The primary replica is writeable, and the secondary replica is read-only. Writes to the primary replica are asynchronously replicated to the secondary replica. Within each region, the data is stored redundantly in two zones. Network traffic never leaves the Google Cloud network.

The following diagram shows the replication that occurs when a dataset is replicated:

The primary replica in the primary zone of region 1 is simultaneously replicated to the primary and secondary zones of region 2.

If the primary region is online, you can manually switch to the secondary replica. For more information, see Promote the secondary replica.

Pricing

You are billed for the following for replicated datasets:

  • Storage. Storage bytes in the secondary region are billed as a separate copy in the secondary region. See BigQuery storage pricing.
  • Data replication. For more information on how you are billed for data replication, see Data replication pricing.

Compute capacity in the secondary region

To run jobs and queries against the replica in the secondary region, you must purchase slots within the secondary region or run an on-demand query.

You can use the slots to perform read-only queries from the secondary replica. If you promote the secondary replica to be the primary, you can also use those slots to write to the replica.

You can purchase the same number of slots as you have in the primary region, or a different number of slots. If you purchase fewer slots, it might affect query performance.

Location considerations

Before adding a dataset replica, you need to create the initial dataset you want to replicate in BigQuery if it doesn't exist already. The location of the added replica is set to the location that you specify when adding the replica. The location of the added replica must be different from the location of the initial dataset. This means that the data in your dataset is continually replicated between the location the dataset was created in and the location of the replica. For replicas that require colocation, such as views, materialized views, or non-BigLake external tables, adding a replica in a location that is different from, or not compatible with, your source data's location could result in job errors.

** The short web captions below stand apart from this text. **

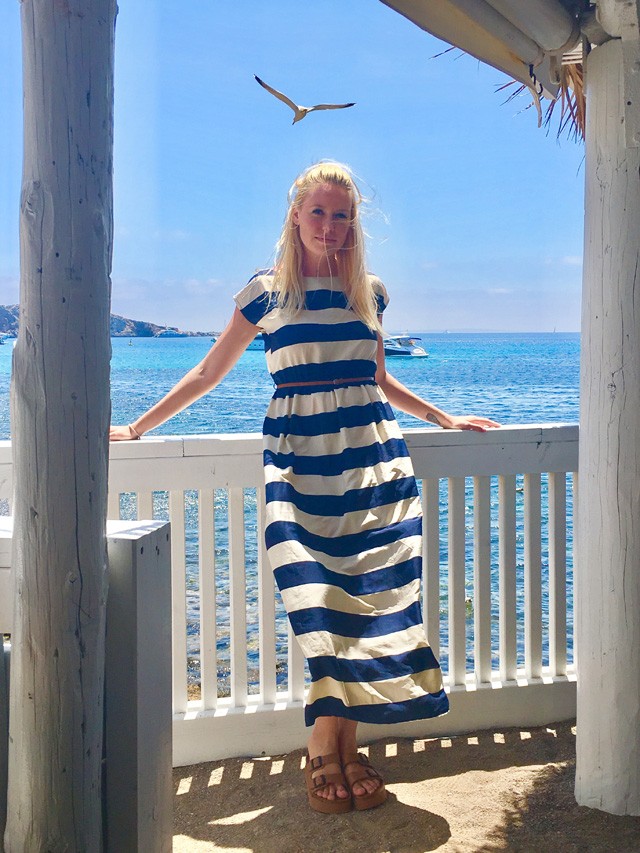 Noémi tengerész mintás ruhát választott a mai ebédhez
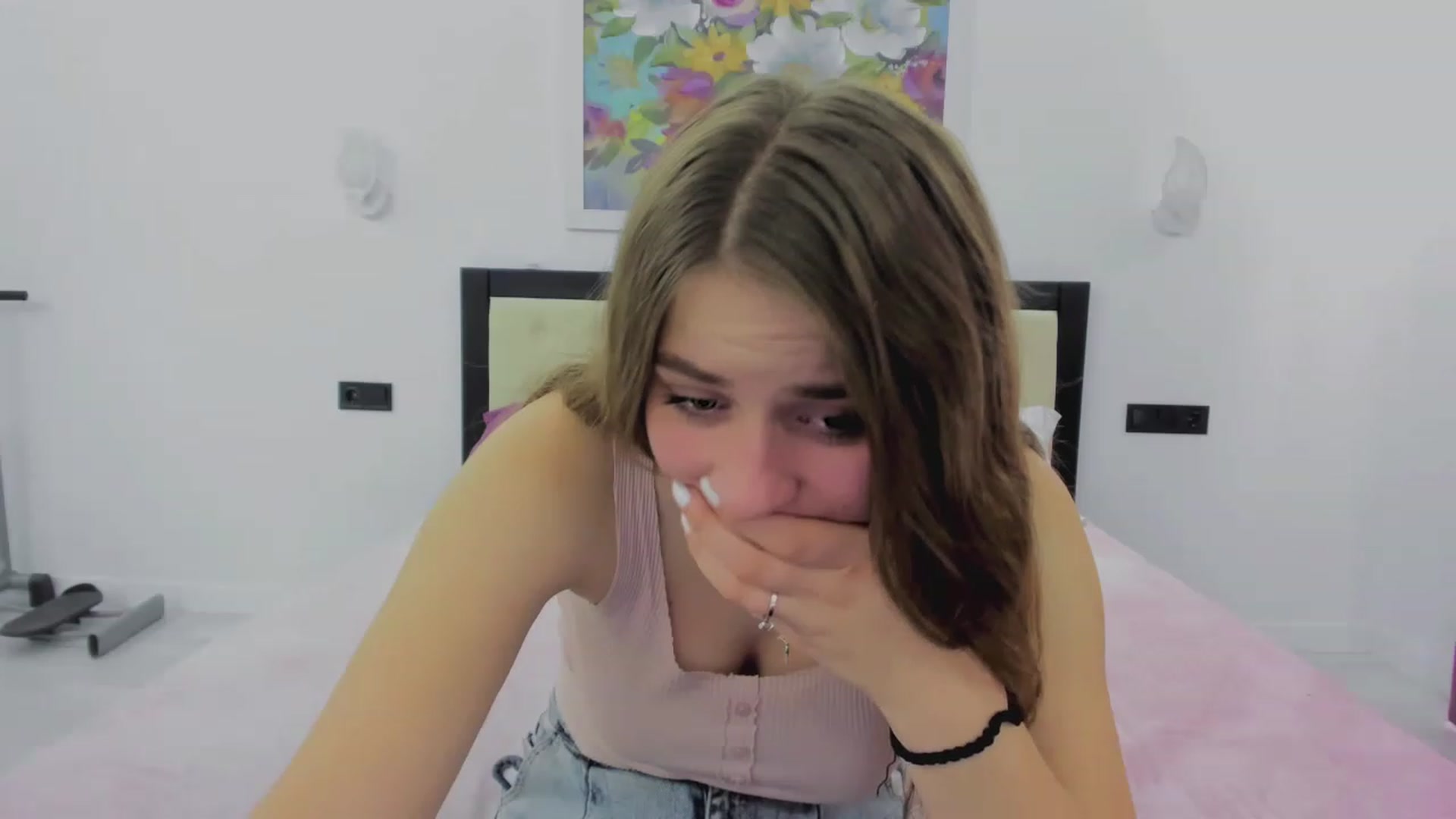 Gallery image thumbnail from AlisaSunshine's myfreecams stream on, 11/22/2022, 11:33 image 4 of 20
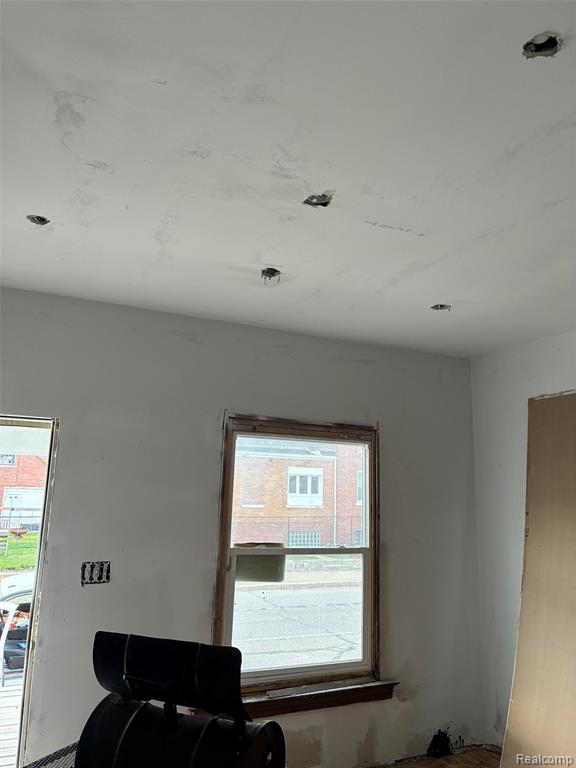 9940 Charlevoix Street, Detroit, MI 48214 — Photo 7
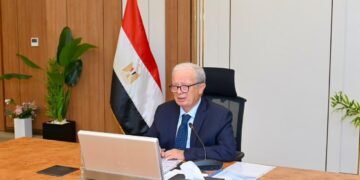 الدكتور حسين عيسى، نائب رئيس الوزراء للشؤون الاقتصادية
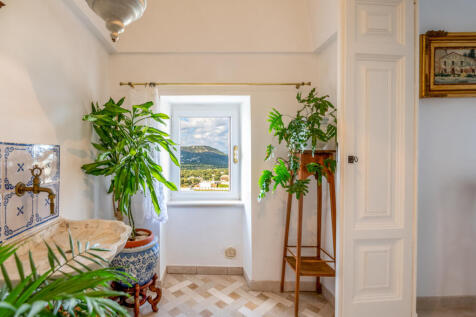 20_Palazzo Serio_Ostuni_Raro_Realty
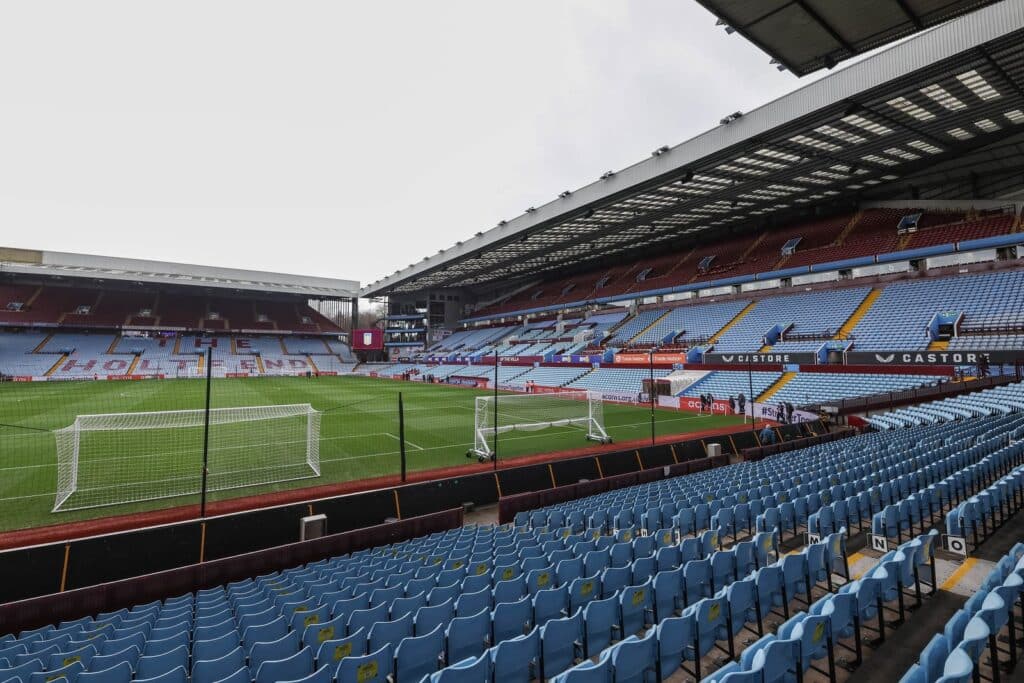 Innenraum von Villa Park mit Blick auf die Holte End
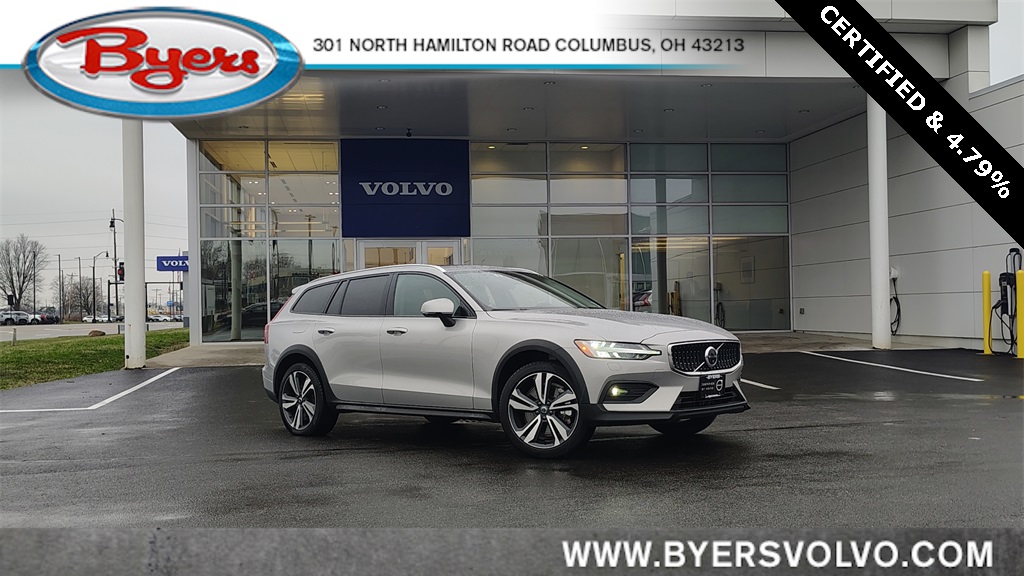 2025 Volvo V60 Cross Country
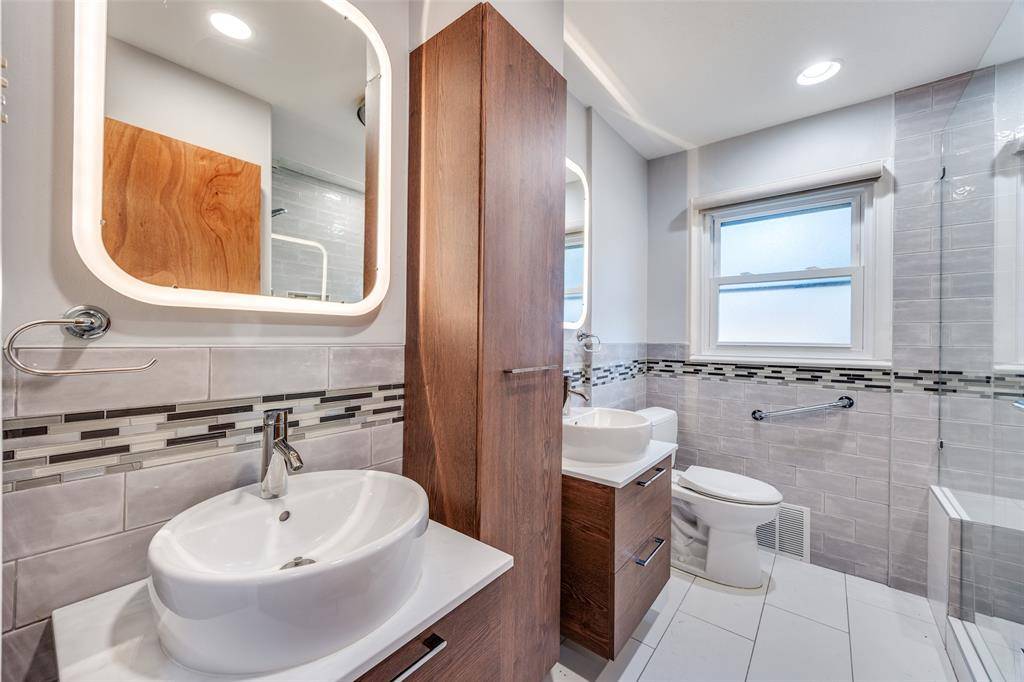 3019 Sharpview Lane, Dallas, TX 75228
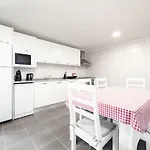 Melo's Place *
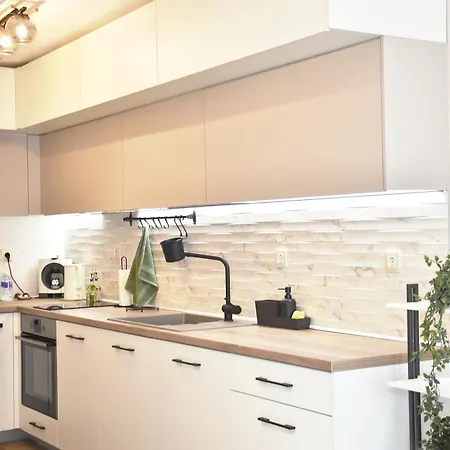 شقة Boutique 2-bedroom Downtown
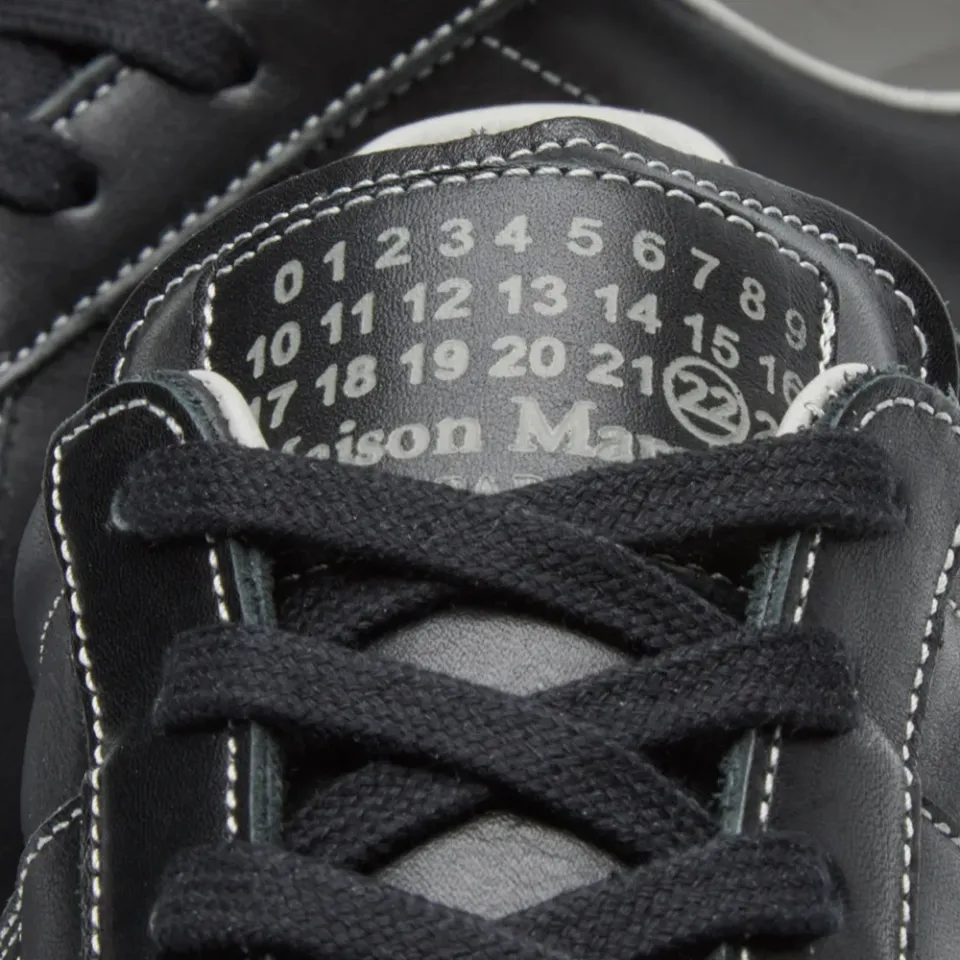 22 Replica Low Contrast Stitch Sneaker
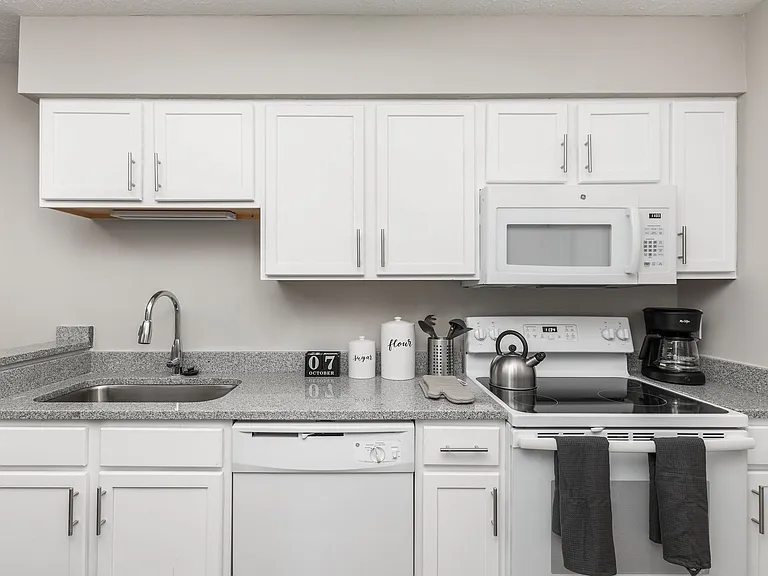 The Masters Apartments — Photo 6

When customers replicate a dataset across regions, BigQuery ensures data is located only in the locations where the replicas were created.

Colocation requirements

Using dataset replication is dependent on the following colocation requirements.

Cloud Storage

Querying data on Cloud Storage requires that the Cloud Storage bucket is colocated with the replica. Use the external tables location considerations when deciding where to place your replica.

Limitations

BigQuery dataset replication is subject to the following limitations:

  • Data in streams that haven't been committed are not replicated in the secondary replica if the table is written to with the BigQuery Storage Write API. Replication of streaming data from the BigQuery Storage Write API or tabledata.insertAll is best-effort and may see high replication delay.
  • The BigQuery Storage Read API does not support reading from tables contained within the secondary dataset replica. To read from a table contained within the secondary replica, the secondary replica must first be promoted to be the primary replica.
  • Tables injected through Datastream to BigQuery by using Change Data Capture is not supported.
  • You can't enable fine-grained DML on a table in a replicated dataset, and you can't replicate a dataset that contains a table with fine-grained DML enabled.
  • Replication and switchover are managed through SQL data definition language (DDL) statements.
  • You are limited to one replica of each dataset for each region or multi-region. You cannot create two secondary replicas of the same dataset in the same destination region.
  • Resources within replicas are subject to the limitations as described in Resource behavior.
  • Policy tags and associated data policies are not replicated to the secondary replica. Any queries that reference columns with policy tags in regions other than the original region fail, even if that replica is promoted.
  • Time travel is only available in the secondary replica after the creation of the secondary replica is completed.
  • The destination region size limit for enabling cross-region replication on a dataset is 10 PB for us and eu multi-regions and 500 TB for other regions by default. These limits are configurable. For more information, reach out to Google Cloud Support.
  • You can only replicate a dataset with fewer than 100,000 tables.
  • You are limited to a maximum of 4 replicas added (then dropped) to the same region per dataset per day.
  • You are limited by bandwidth.
  • Tables with Customer-managed encryption keys (CMEK) applied are not queryable in the secondary region if the replica_kms_key value is not configured.
  • BigLake tables are not supported.
  • You can't replicate external or federated datasets.
  • BigQuery Omni locations aren't supported.
  • You can't configure the following region pairs if you are configuring data replication for disaster recovery:
    • us-central1 - us multi-region
    • us-west1 - us multi-region
    • eu-west1 - eu multi-region
    • eu-west4 - eu multi-region

Resource behavior

The following operations are not supported on resources within the secondary replica:

If you need to create a copy of a resource in a secondary replica, you must copy the resource or query it and then materialize the results outside of the secondary replica. For example, use CREATE TABLE AS SELECT to create a new resource from the secondary replica resource.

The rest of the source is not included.